- Cottown Location within Perth and Kinross
- OS grid reference: NO208212
- Council area: Perth and Kinross;
- Lieutenancy area: Perth and Kinross;
- Country: Scotland
- Sovereign state: United Kingdom
- Post town: PERTH
- Postcode district: PH2
- Dialling code: 01821
- Police: Scotland
- Fire: Scottish
- Ambulance: Scottish
- Scottish Parliament: North Tayside; North East Scotland;

= Cottown, Perth and Kinross =

Cottown is a village in Perth and Kinross, Scotland, east of the village of St.Madoes and approximately 8 mi east of Perth. This area is in the Carse of Gowrie, and Cottown sits on a bank a rich alluvial soil to the north of the Firth of Tay between Perth and Dundee. It is the location of one of the largest concentrations of mudwall structures in Scotland, centred on the parish of Errol.
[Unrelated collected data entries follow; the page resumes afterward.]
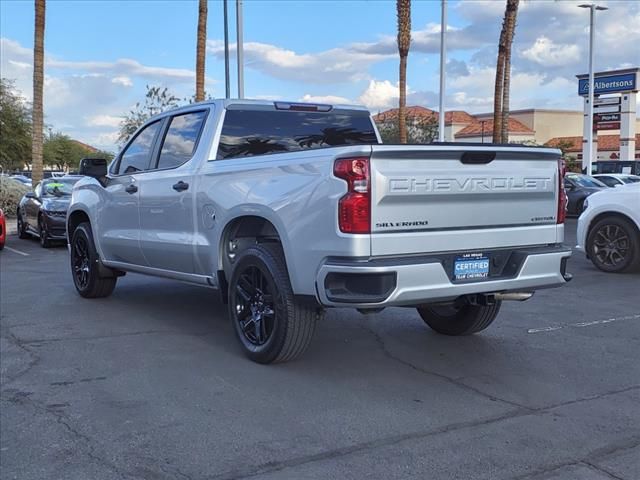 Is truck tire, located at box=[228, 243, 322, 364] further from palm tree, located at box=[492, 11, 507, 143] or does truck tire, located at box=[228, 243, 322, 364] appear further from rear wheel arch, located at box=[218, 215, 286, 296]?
palm tree, located at box=[492, 11, 507, 143]

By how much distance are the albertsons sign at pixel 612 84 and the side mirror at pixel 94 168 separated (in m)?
49.3

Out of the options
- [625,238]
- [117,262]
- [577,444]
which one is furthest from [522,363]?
[625,238]

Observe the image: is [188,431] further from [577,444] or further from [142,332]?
[142,332]

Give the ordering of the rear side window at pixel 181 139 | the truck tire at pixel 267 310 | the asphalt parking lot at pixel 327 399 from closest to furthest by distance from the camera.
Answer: the asphalt parking lot at pixel 327 399 < the truck tire at pixel 267 310 < the rear side window at pixel 181 139

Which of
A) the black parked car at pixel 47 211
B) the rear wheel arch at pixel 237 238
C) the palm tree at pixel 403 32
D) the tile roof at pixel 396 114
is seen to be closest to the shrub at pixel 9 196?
the black parked car at pixel 47 211

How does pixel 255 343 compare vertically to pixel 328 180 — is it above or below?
below

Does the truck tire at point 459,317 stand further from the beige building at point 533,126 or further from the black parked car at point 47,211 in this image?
the beige building at point 533,126

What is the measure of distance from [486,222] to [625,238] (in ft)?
20.6

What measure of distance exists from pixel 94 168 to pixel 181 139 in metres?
1.75

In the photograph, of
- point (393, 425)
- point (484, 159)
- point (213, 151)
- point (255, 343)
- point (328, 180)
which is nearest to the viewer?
point (393, 425)

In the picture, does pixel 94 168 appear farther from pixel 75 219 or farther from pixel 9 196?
pixel 9 196

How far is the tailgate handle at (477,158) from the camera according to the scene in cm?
510

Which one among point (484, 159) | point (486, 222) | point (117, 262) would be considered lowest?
point (117, 262)

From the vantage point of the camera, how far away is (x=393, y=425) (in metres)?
4.48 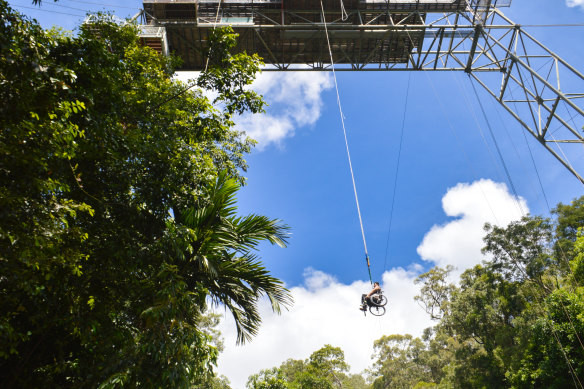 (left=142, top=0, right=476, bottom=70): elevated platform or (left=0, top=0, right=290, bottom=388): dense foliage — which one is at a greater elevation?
(left=142, top=0, right=476, bottom=70): elevated platform

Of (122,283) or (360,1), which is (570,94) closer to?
(360,1)

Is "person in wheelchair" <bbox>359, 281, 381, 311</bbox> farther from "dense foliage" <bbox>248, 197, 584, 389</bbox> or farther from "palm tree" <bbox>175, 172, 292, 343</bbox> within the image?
"dense foliage" <bbox>248, 197, 584, 389</bbox>

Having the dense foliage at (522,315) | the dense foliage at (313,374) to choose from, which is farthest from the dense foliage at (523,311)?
the dense foliage at (313,374)

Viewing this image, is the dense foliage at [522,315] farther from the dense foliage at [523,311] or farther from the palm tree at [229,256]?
the palm tree at [229,256]

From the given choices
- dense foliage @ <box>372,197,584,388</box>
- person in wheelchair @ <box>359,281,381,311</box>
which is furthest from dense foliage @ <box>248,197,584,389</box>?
person in wheelchair @ <box>359,281,381,311</box>

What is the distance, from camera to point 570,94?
8.76 m

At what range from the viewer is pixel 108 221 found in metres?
4.67

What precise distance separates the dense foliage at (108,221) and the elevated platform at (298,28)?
762 centimetres

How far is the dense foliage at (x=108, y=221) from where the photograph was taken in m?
3.35

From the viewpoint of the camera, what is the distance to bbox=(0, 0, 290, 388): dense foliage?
3.35 meters

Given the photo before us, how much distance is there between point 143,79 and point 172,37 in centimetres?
909

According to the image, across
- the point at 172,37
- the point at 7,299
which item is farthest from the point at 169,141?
the point at 172,37

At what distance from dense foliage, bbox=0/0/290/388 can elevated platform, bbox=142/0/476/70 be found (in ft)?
25.0

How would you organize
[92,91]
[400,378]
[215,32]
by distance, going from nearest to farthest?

The Old Schoolhouse in Cottown is thought to have been constructed between 1745 and 1770, the rubble plinth possibly being the remains of an earlier sandstone building destroyed by fire in 1766. The building is likely to have reverted to a dwelling by the mid 19th century. The Schoolhouse was abandoned in 1985 and quickly fell into a state of disrepair, having been vacant ever since. In recognition of its rarity and value, as an almost intact example of 18th century mudwall construction, the building was given a category W listing in 1991. The Old Schoolhouse is now owned by the National Trust of Scotland.